Ever wonder if that coin jar laying around your house has any value? Or are you new to coin collecting? Here is a list of ten rare quarters you want to be on the lookout for that either hold some historical significance or are worth more than face value.
- 2004 Wisconsin state quarter with extra leaf
The 50 State Quarters series ran from 1999 until 2008, with special designs representing each state. Wisconsin’s quarter came out in 2004; the reverse design features a cow, a wheel of cheese and a partially husked ear of corn. Some the coins have an extra line below the front left leaf, which looks like another leaf entirely. There are two varieties you should be looking out for: the high leaf and low leaf
- 2005 Kansas state quarter, ‘In God We Rust’
On the obverse of this quarter you will see what appears to be saying ‘Rust’ instead of ‘trust’. While it might seem like a mint employee’s rogue political statement, these coins are actually just the result of grease preventing a clean pressing.
- State quarters on nickel planchets
These coins can show up in any year, but seem to be more common in the first year Delaware, Connecticut, New Jersey, Pennsylvania, and Georgia coins. Accidentally struck on Nickel planchets, these coins are slightly smaller than a regular quarter. Error coin diameter size = 21.2mm. Regular quarter size = 24.3mm.
- 2006 Colorado cud errors
Cud errors, a damaged area resembling a blob on the surface of a coin, are found on the reverse side of the quarter. These quarters were released by the Philadelphia mint.
- 2007 Wyoming doubled die reverse
This lesser-known error was minted in Philadelphia and sometimes can be hard to spot with the naked eye. With magnification, varied doubling around the saddle horn can be seen.
- 2009 District of Columbia doubled die reverse
Some quarters minted in Denver exhibit doubling on the “ELL” in “ELLINGTON.
- Early silver Washington quarters
The earlier coins, minted 1932 through 1940 are valued higher as a collectible in circulated condition. Two specific coins you might hope to find are the 1932-D, in heavily worn condition it is worth $39. The other is the 1932-S, a $48 coin in “Good” condition.
- One side of a quarter has a copper color
Every clad coin, which includes State Quarters, is comprised of three layers of metal. Both outer layers are made of an alloy consisting of 75 percent copper, 25 percent nickel. It is this alloy that gives clad coinage the silver-like appearance. The center layer consists of pure copper.

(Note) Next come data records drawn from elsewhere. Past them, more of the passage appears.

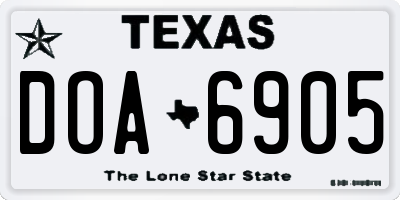 TX license plate DOA6905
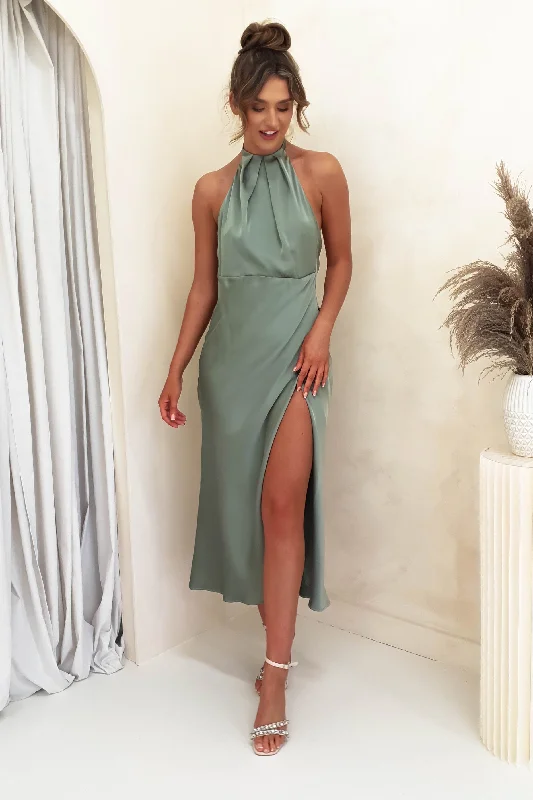 Online Only Evelyn Halterneck Midi Dress | Olive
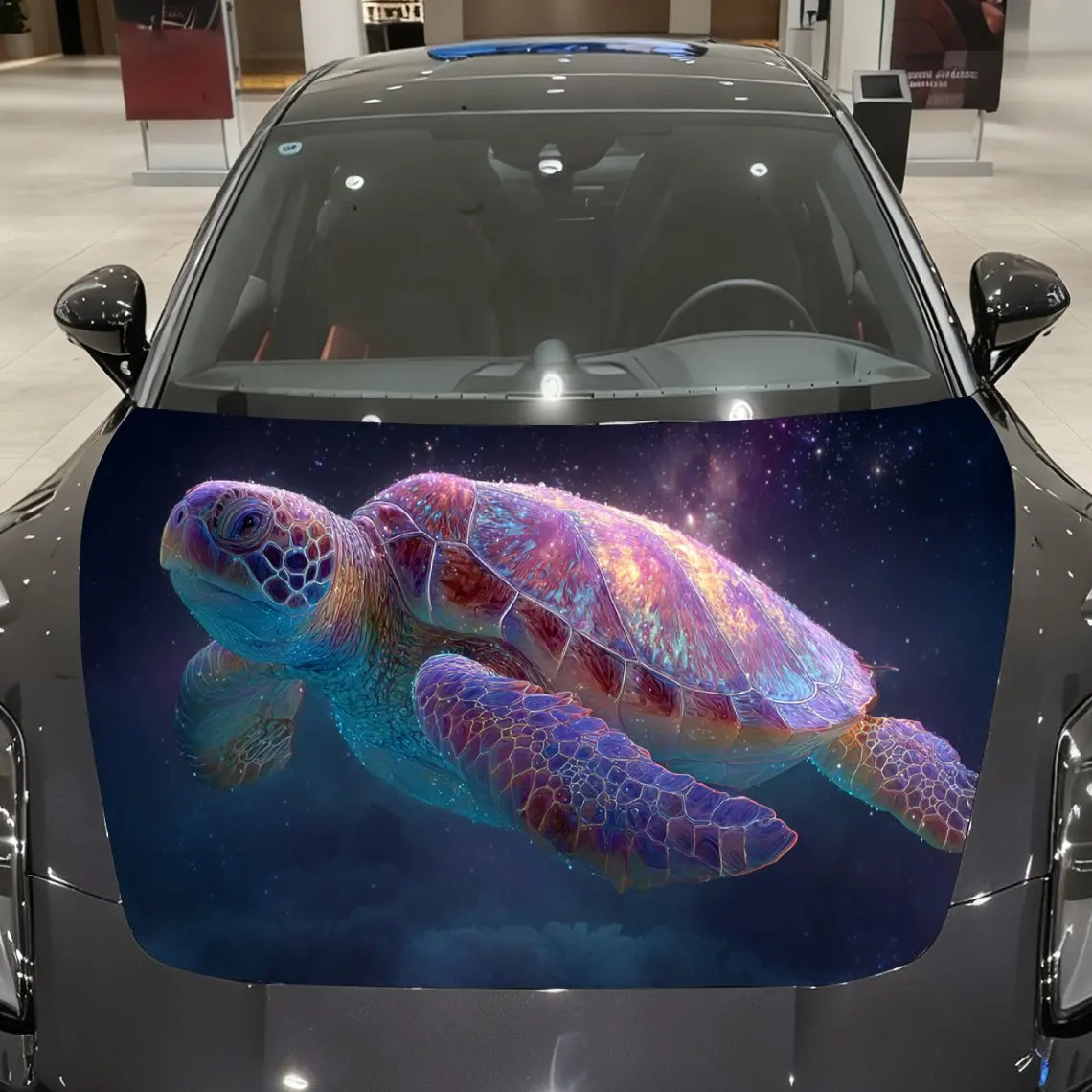 Cosmic Sea Turtle Car Cover Sticker, Auto Hood Decal, Car Exterior Scratch Resistant Decal, Trendy Gift for Car Lovers, Eye-catc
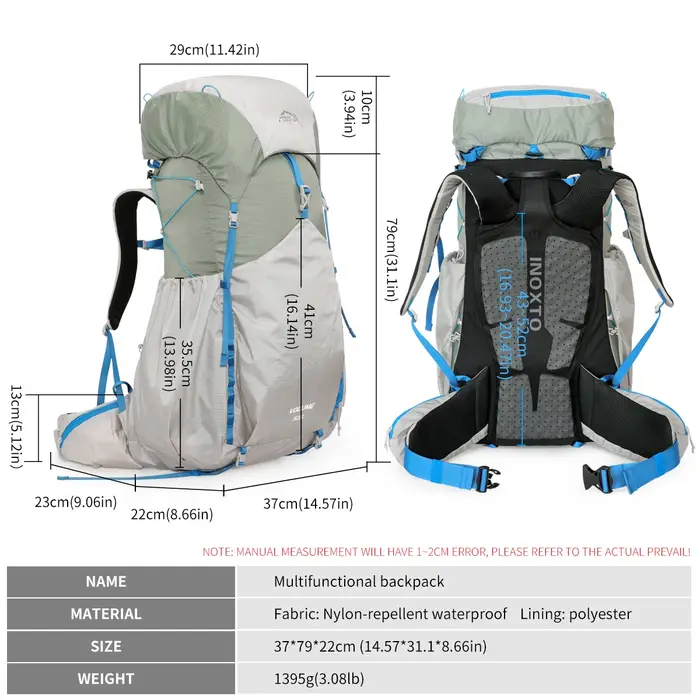 Sac à dos de randonnée imperméable 55L avec cadre interne et housse de pluie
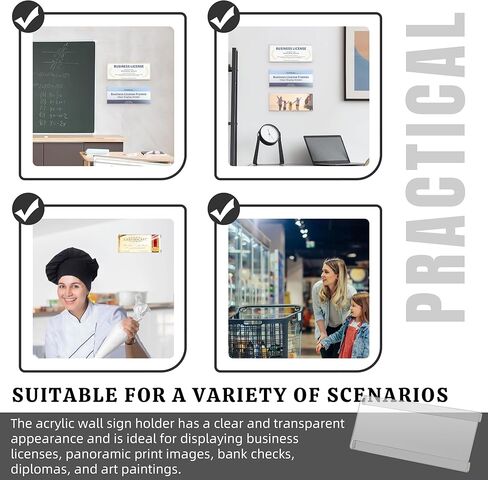 إطار ترخيص أعمال مكون من قطعتين، حامل قائمة بدون حفر مقاس 4 × 10 بوصة، حامل إطار ترخيص أعمال أكريليك، لعرض شهادة ترخيص الأعمال، شيك مصرفي in Kuwait
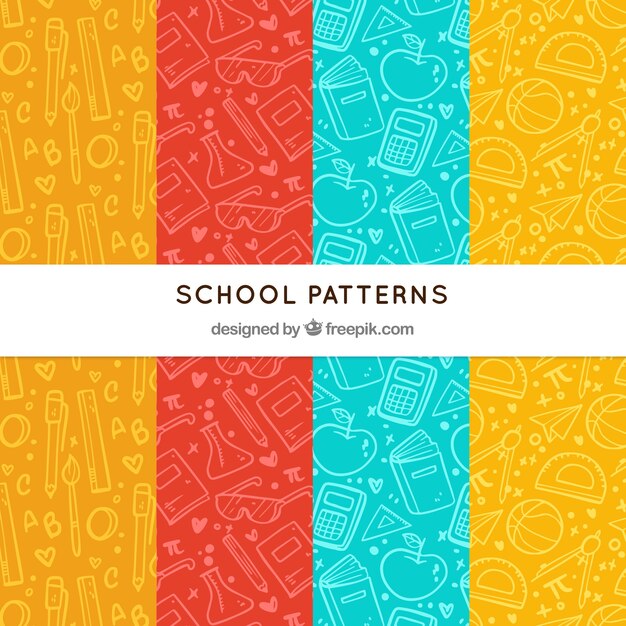 Hand drawn back to school pattern collection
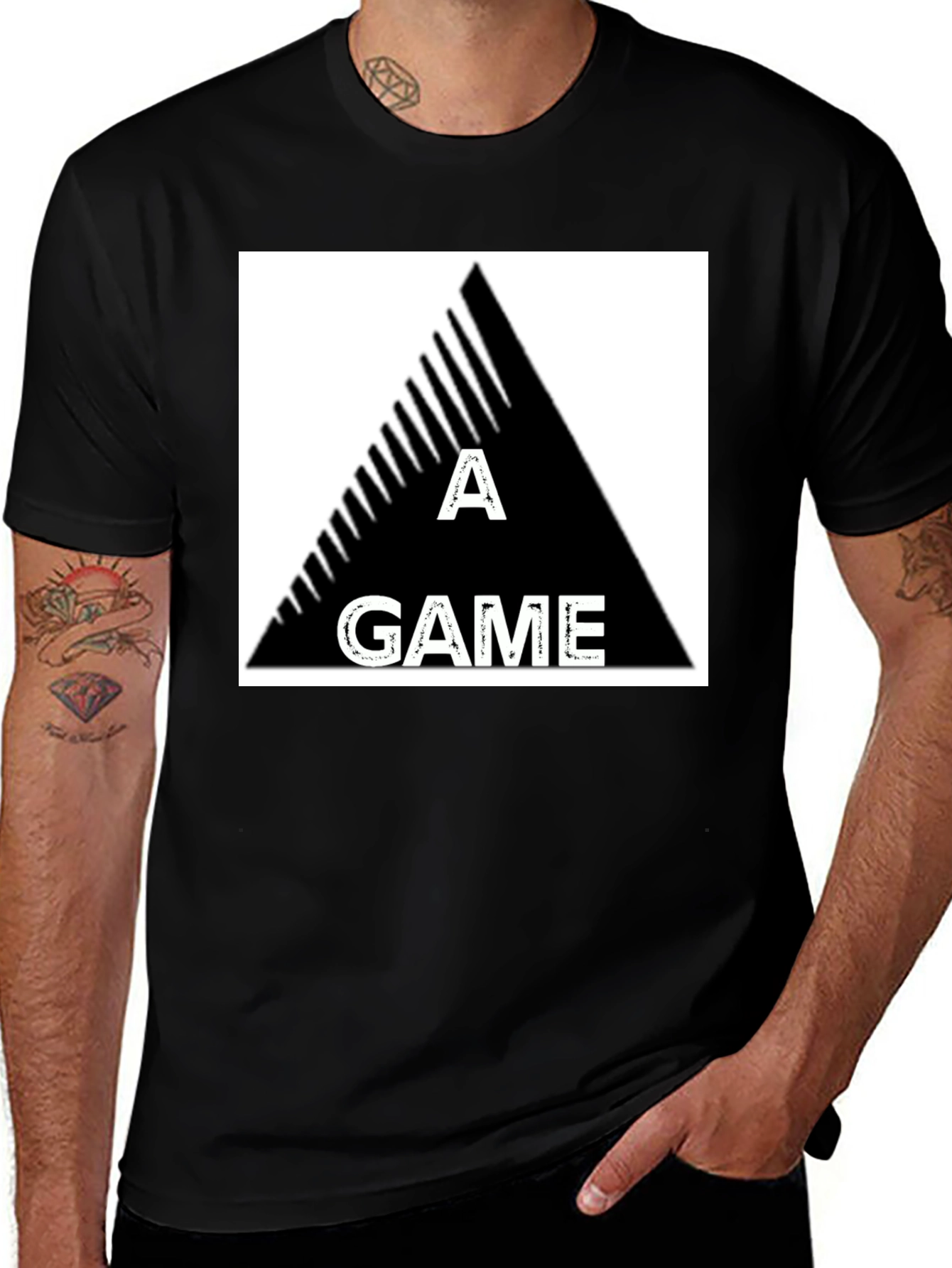 Variant 10 of A Game Graphic Tee - Black Cotton Shirt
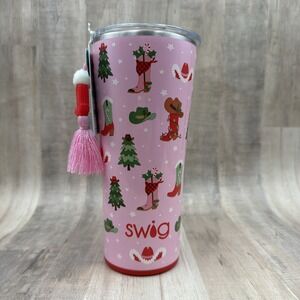 Swig Life 22oz Howdy Holidays Pink Christmas Tumbler NEW Texas‎ Cowboy Boots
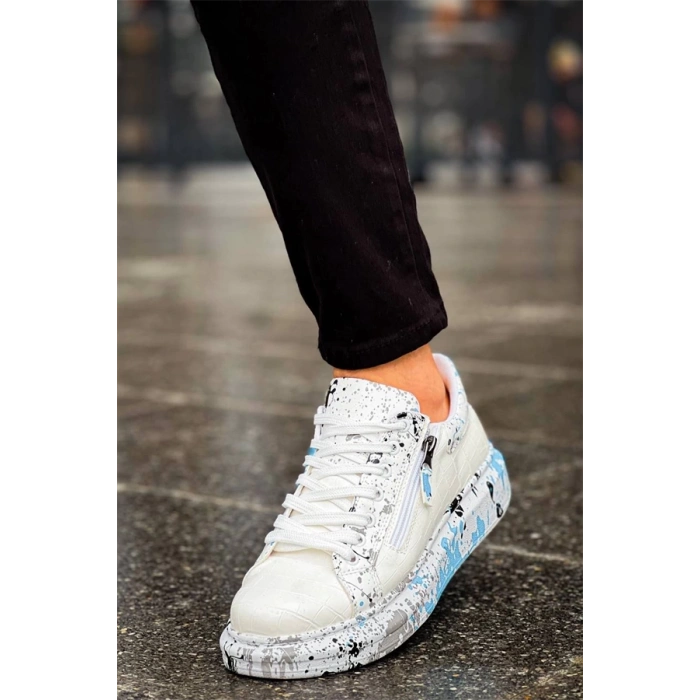 Kb-02  Kuback  Bağcıklı Crocodile Beyaz Mavi Günlük Erkek Ayakkabı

Occasionally, one or both of the outer layers separate from the copper core because of a failed bond between layers. When one of the outer layers peels off, the copper core is exposed, and it is this copper core that is struck by the die.
- 2001 double struck quarter
The coin design of George Washington’s head was struck not once, but twice on this quarter. The result is a double design with two “United States of America” letterings and two partial Washington heads. The reverse side has two castings of the Statue of Liberty and outline of the state of New York.
- Uncirculated State Quarters
In the early 2000’s, many people were hoarding uncirculated $10 rolls of state quarters. As mentioned earlier, these quarters rolled out between 1999-2008. Once the economy worsened in 2008, many people began giving up their hoards. This increased demand for uncirculated rolls of state quarters. For certain in-demand states, you can get up to $50 per roll. Look for rolls from Georgia, Connecticut, Tennessee, and Illinois.
Think you might have one or more of these coins but are unsure? Or you have a different interesting coin that isn’t listed? Download the Lookzee app on Google Play or iOS App Store and share your coin with the Lookzee forums. The forum is a great place to connect with coin collectors and learn more about coins!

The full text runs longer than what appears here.